Stored data
---*---

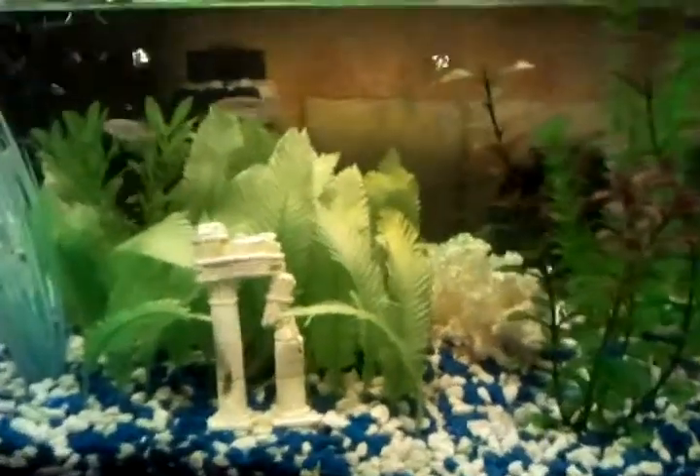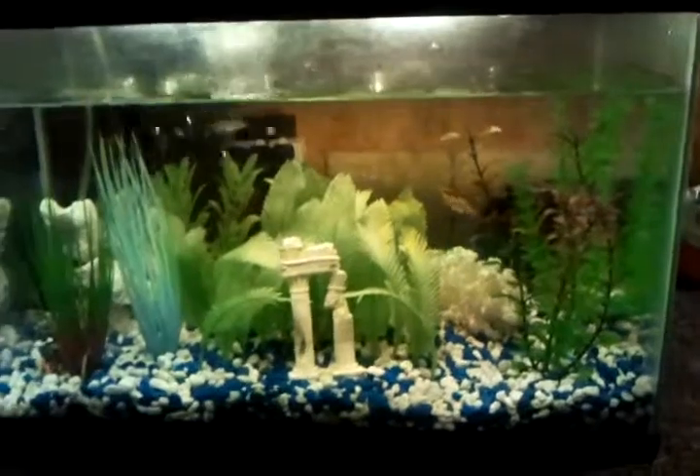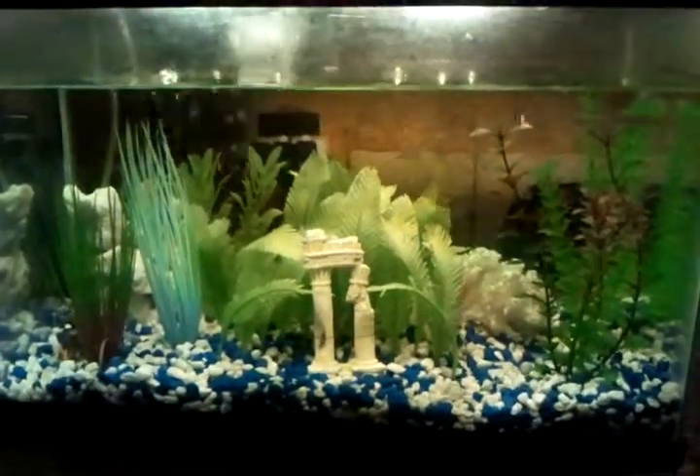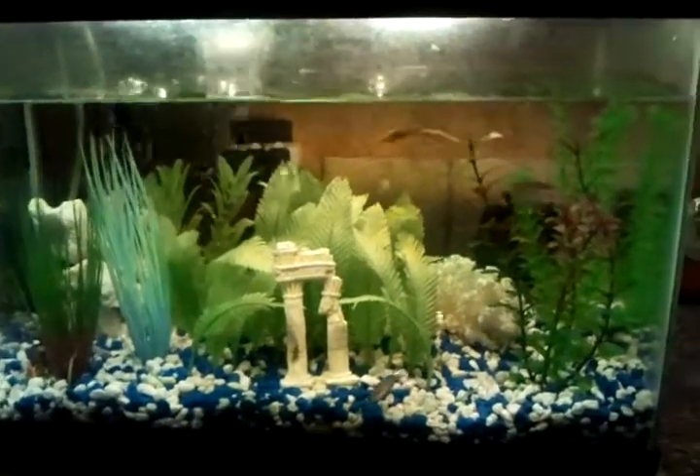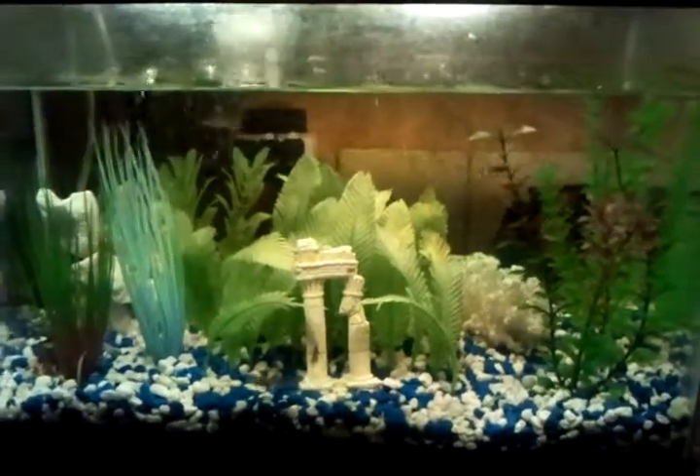These fish have already survived a pretty decent little freeze a while back, and I don't have a heater on this aquarium — but it wouldn't have helped anyway because the electricity went out.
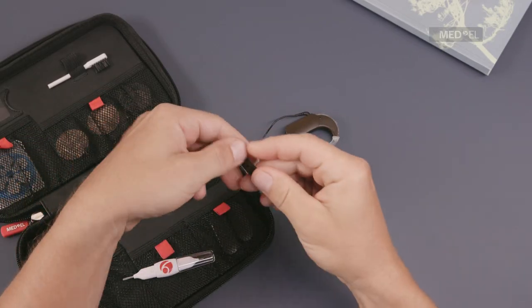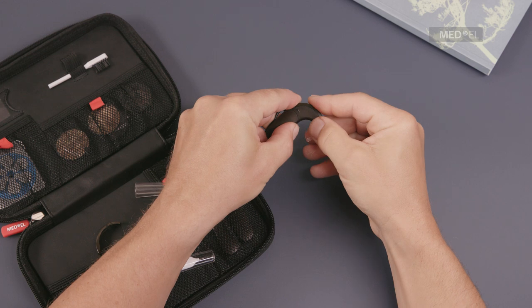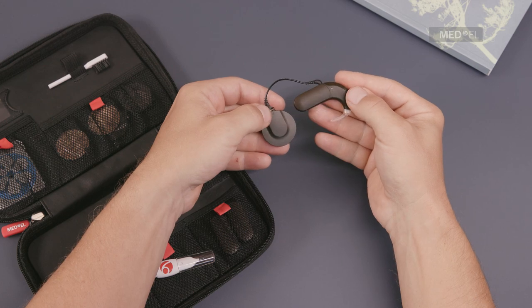Place the new cover over the control unit. Starting at the earhook end, press down until the cover snaps into place. The cover should be changed every three months, or sooner if you notice a change in sound quality.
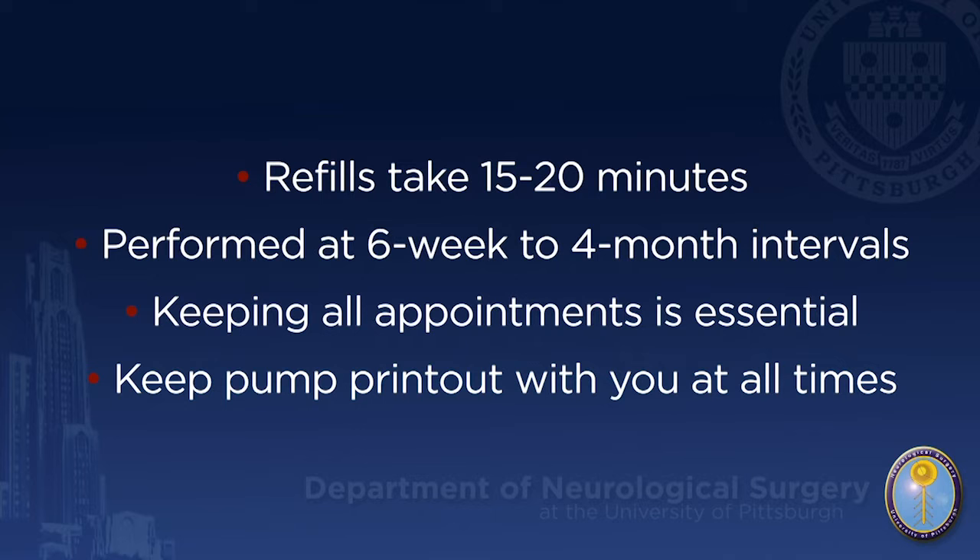In summary, intrathecal pump refills are quick and easy. The procedure itself takes approximately 15 to 20 minutes. Refills are done every 6 weeks to 4 months depending on your dose and concentration. It is extremely important to attend all refill visits as scheduled. If your pump runs out of medicine, you will no longer get pain relief and you could go through withdrawal. If the pump remains dry, the motor could stall, causing permanent damage to the pump requiring surgical replacement.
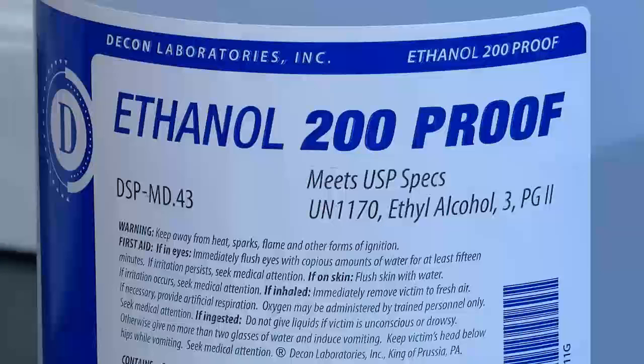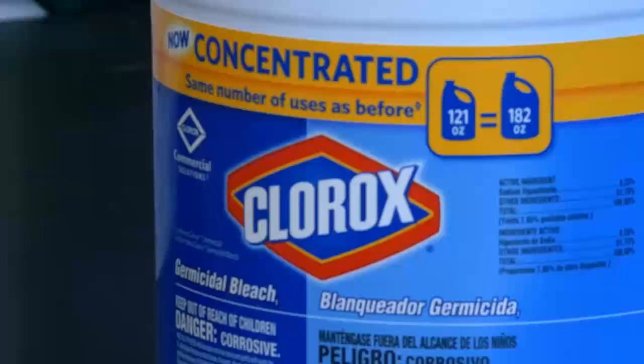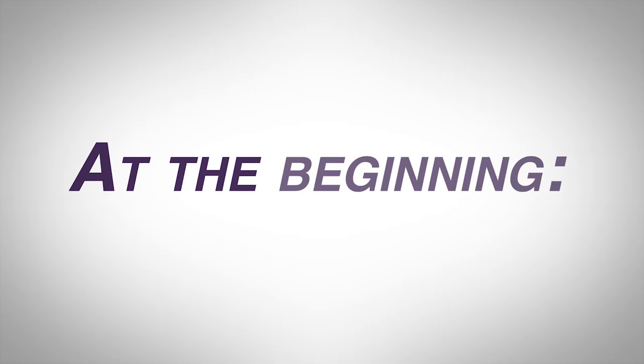Let's talk about lab safety. In this course, you will be working with microbial cultures. You will also be working with some hazardous chemicals that could damage your skin or be dangerous if ingested.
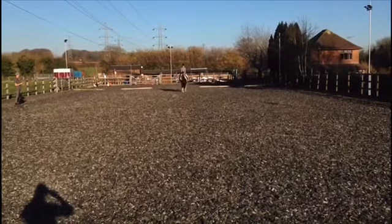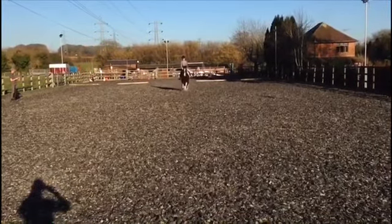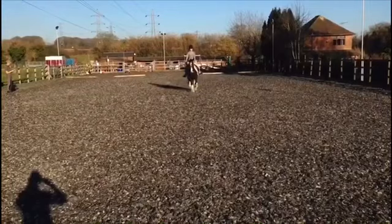This is Lucy Wallace riding Bob, riding Intro B at Catherington Equestrian Centre for the Riding School League in February.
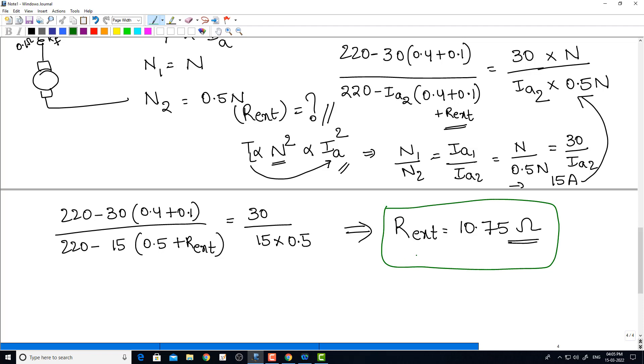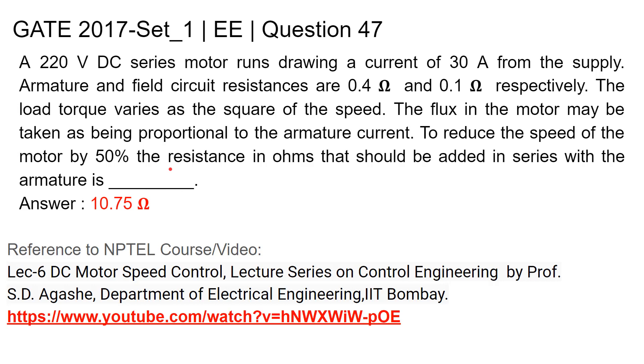So this much external resistance needs to be added in the series armature circuit such that the speed will drop by 50%. Adding resistance causes speed to decrease in a DC series motor. Therefore, the resistance that should be added in series with the armature is 10.75 ohms. Thank you.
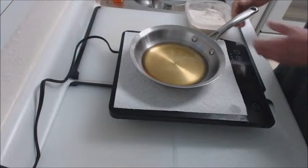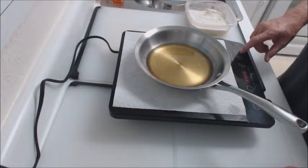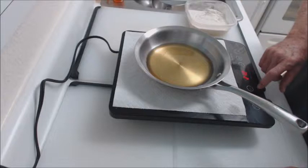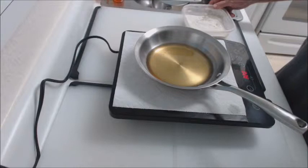We're going to set the pan of grease on here — just regular canola oil — right on top of that, as you can see. I'm going to start the cooktop up. You hit this to set your temperature and adjust it. I'm going to set this temperature at about 320 degrees.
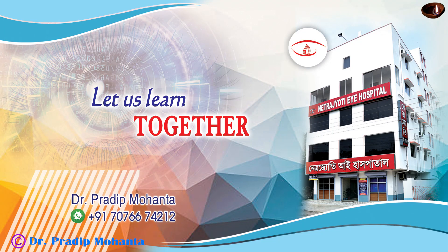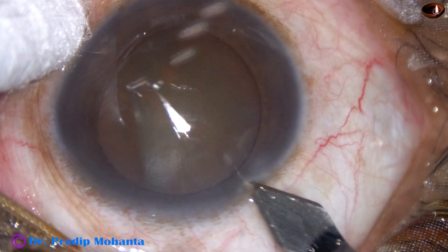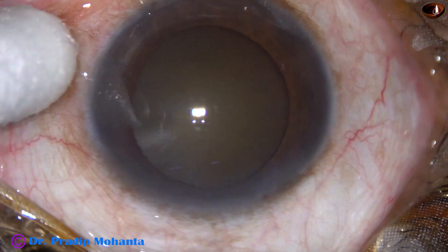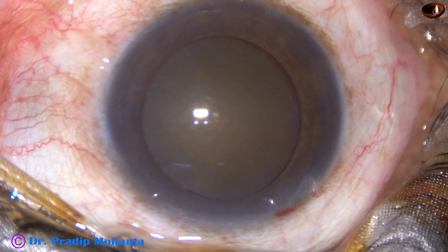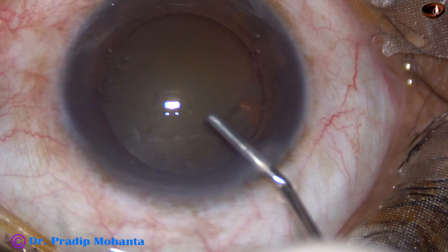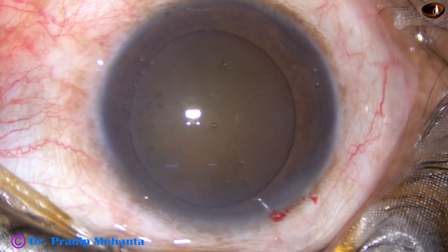Friends, in this video we are going to observe management of a hard cataract with IFIS. At this moment we can see that the pupil is quite nicely dilated. The cataract is a brown hard cataract, maybe grade four nuclear sclerosis.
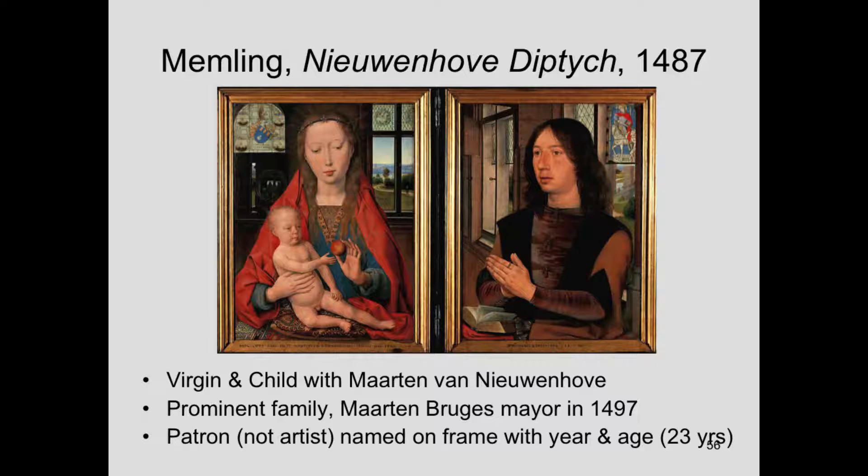We still have the frame and the inscription on the frame. We actually have two paintings by Hans Memling that have his name on them — one was the altarpiece of the two St. Johns, and the other is also in the Hospital of St. John's, the Jan Floreins Triptych. This one has an inscription but does not name the artist. It's never been questioned though, because comparing it with the works that do have Memling's name written on them, it's just so clearly the same artist. What it does tell us is who the patron was — his name, the year of the painting, 1487, and the age of the sitter: he's 23 years old.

---*---

What is needed: Go through the lines above and write each one out verbatim, skipping the pictures.

Written response:
These fish have already survived a pretty decent little freeze a while back, and I don't have a heater on this aquarium — but it wouldn't have helped anyway because the electricity went out.
Place the new cover over the control unit. Starting at the earhook end, press down until the cover snaps into place. The cover should be changed every three months, or sooner if you notice a change in sound quality.
In summary, intrathecal pump refills are quick and easy. The procedure itself takes approximately 15 to 20 minutes. Refills are done every 6 weeks to 4 months depending on your dose and concentration. It is extremely important to attend all refill visits as scheduled. If your pump runs out of medicine, you will no longer get pain relief and you could go through withdrawal. If the pump remains dry, the motor could stall, causing permanent damage to the pump requiring surgical replacement.
Let's talk about lab safety. In this course, you will be working with microbial cultures. You will also be working with some hazardous chemicals that could damage your skin or be dangerous if ingested.
This is Lucy Wallace riding Bob, riding Intro B at Catherington Equestrian Centre for the Riding School League in February.
So this much external resistance needs to be added in the series armature circuit such that the speed will drop by 50%. Adding resistance causes speed to decrease in a DC series motor. Therefore, the resistance that should be added in series with the armature is 10.75 ohms. Thank you.
We're going to set the pan of grease on here — just regular canola oil — right on top of that, as you can see. I'm going to start the cooktop up. You hit this to set your temperature and adjust it. I'm going to set this temperature at about 320 degrees.
Friends, in this video we are going to observe management of a hard cataract with IFIS. At this moment we can see that the pupil is quite nicely dilated. The cataract is a brown hard cataract, maybe grade four nuclear sclerosis.
We still have the frame and the inscription on the frame. We actually have two paintings by Hans Memling that have his name on them — one was the altarpiece of the two St. Johns, and the other is also in the Hospital of St. John's, the Jan Floreins Triptych. This one has an inscription but does not name the artist. It's never been questioned though, because comparing it with the works that do have Memling's name written on them, it's just so clearly the same artist. What it does tell us is who the patron was — his name, the year of the painting, 1487, and the age of the sitter: he's 23 years old.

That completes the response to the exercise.